_Data extracts_
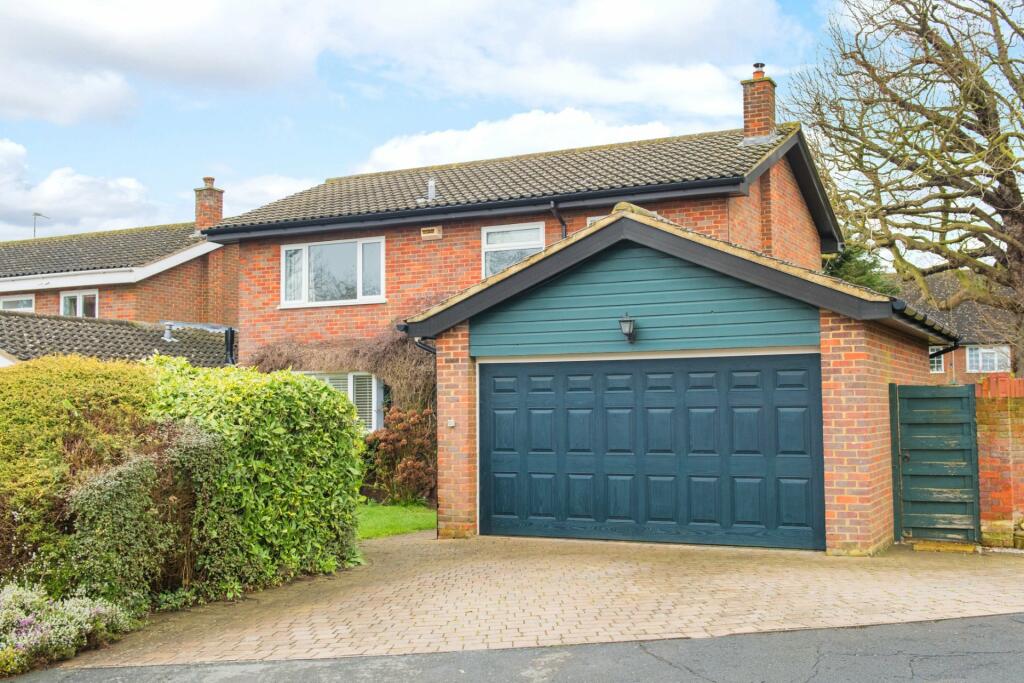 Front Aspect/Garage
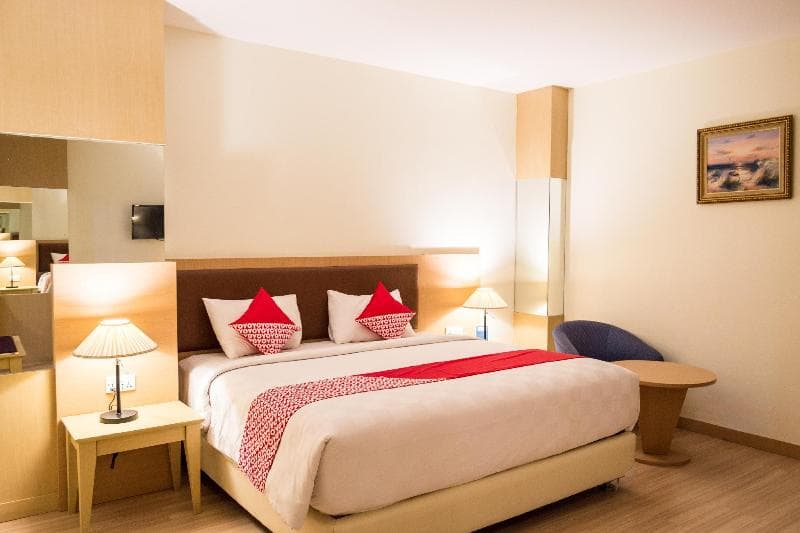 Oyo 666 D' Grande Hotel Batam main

==

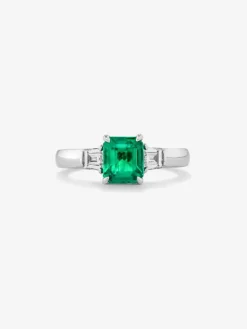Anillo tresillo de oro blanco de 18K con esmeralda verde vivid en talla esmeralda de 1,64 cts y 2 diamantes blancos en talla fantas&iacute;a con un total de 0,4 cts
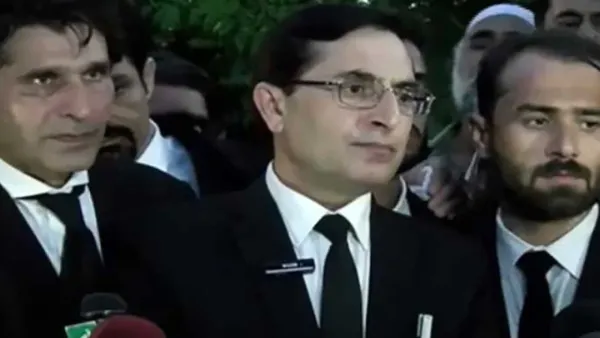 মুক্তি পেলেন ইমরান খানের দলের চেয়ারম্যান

...

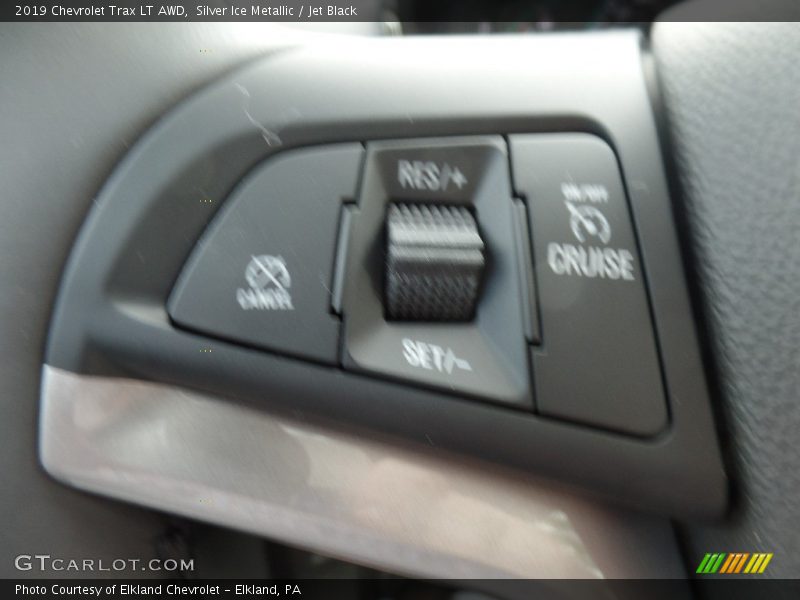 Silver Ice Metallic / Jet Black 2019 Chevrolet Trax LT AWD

_Work order_
The answer is the lines of the material above, from the one containing "Anillo tresillo de" down to the one containing "মুক্তি পেলেন ইমরান খানের দলের চেয়ারম্যান", given exactly and without images.

_Response_
Anillo tresillo de oro blanco de 18K con esmeralda verde vivid en talla esmeralda de 1,64 cts y 2 diamantes blancos en talla fantas&iacute;a con un total de 0,4 cts
 মুক্তি পেলেন ইমরান খানের দলের চেয়ারম্যান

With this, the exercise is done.